Pero en diferentes medios de comunicación parecen toparse con una seria dificultad para presentar las cosas como son, cuando el asesino es un terrorista palestino y las víctimas son israelíes. Traicionando el deber de informar los hechos tal cual sucedieron, periodistas encargados de elegir los títulos y los encabezamientos para las notas que difunden, distorsionan de hecho lo ocurrido al ocultar datos claves y dar vuelta las cosas.

En los editoriales y notas de opinión, que escriban lo que quieran. Uno puede discutir su interpretación de los hechos y criticarla. Pero en la información noticiosa no hay margen de maniobra entre la verdad y su distorsión.

Las maniobras son diversas: 

-         Ocultan al principio la identidad del atacante y de las víctimas, como si alguien hubiera bajado de Marte con un arma y no se supiera quién mató y quién murió.

-         Ponen en el mismo plano a asesino y víctimas, resumiendo el saldo del atentado con “un palestino y un israelí muertos”, como si ambos hubieran sufrido un ataque.

-         Dan prioridad a la muerte del asesino, empezando por “palestino muerto” y recién después de señalar –seguramente a regañandientes- que la Policía lo mató después de haber atacado él a otros a balazos.

 

A veces, en la noticia misma, aparecen algunos datos más que aclaran la situación. Pero quienes ponen los títulos de esa forma, lo hacen intencionalmente, sabiendo que hay quienes solamente leen los titulares. Y que esa es la impresión central que deja un artículo, lo que está al comienzo, en el encabezamiento.

 

Aquí, unos ejemplos concretos.

Clarín

Israel: Matan a palestino que asesinó a una persona e hirió a otras cuatro.

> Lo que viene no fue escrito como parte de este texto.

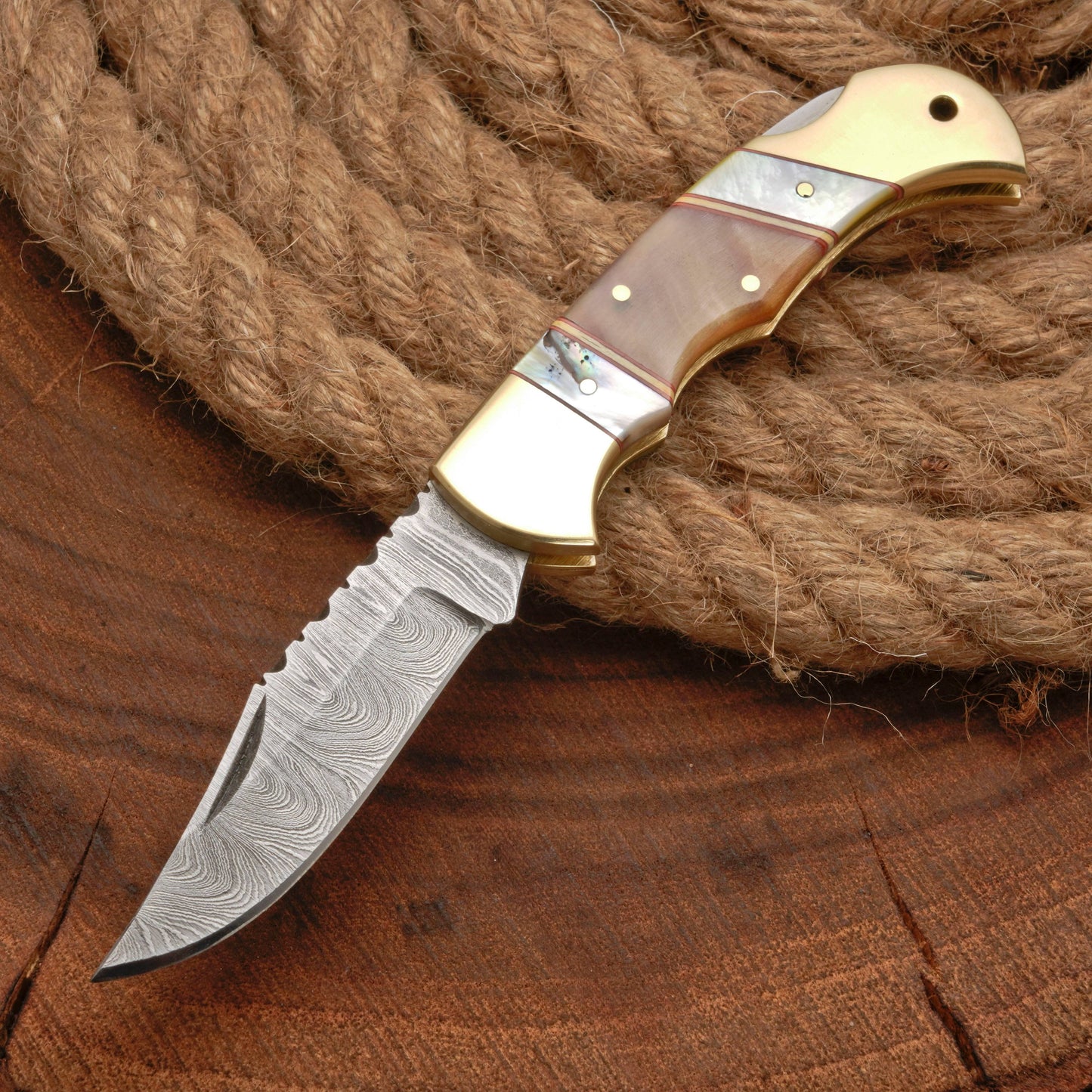 Handmade Forged Damascus Steel Hunting Camping Folding Pocket Knife With Ram Horn & Pearl Handle Brass Bolster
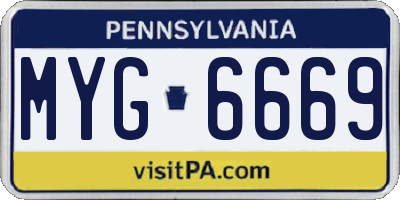 PA license plate MYG6669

En el subtítulo: Es el segundo incidente de este tipo esta semana.

Casi habría que destacar que usaron la palabra “asesinó”. ¿Por qué empezar por matan a palestino? ¿Eso es lo central? ¿O lo clave aquí es que un terrorista atacó sin provocación ninguna a gente que caminaba y la policía tuvo que dispararle para impedir que siga matando?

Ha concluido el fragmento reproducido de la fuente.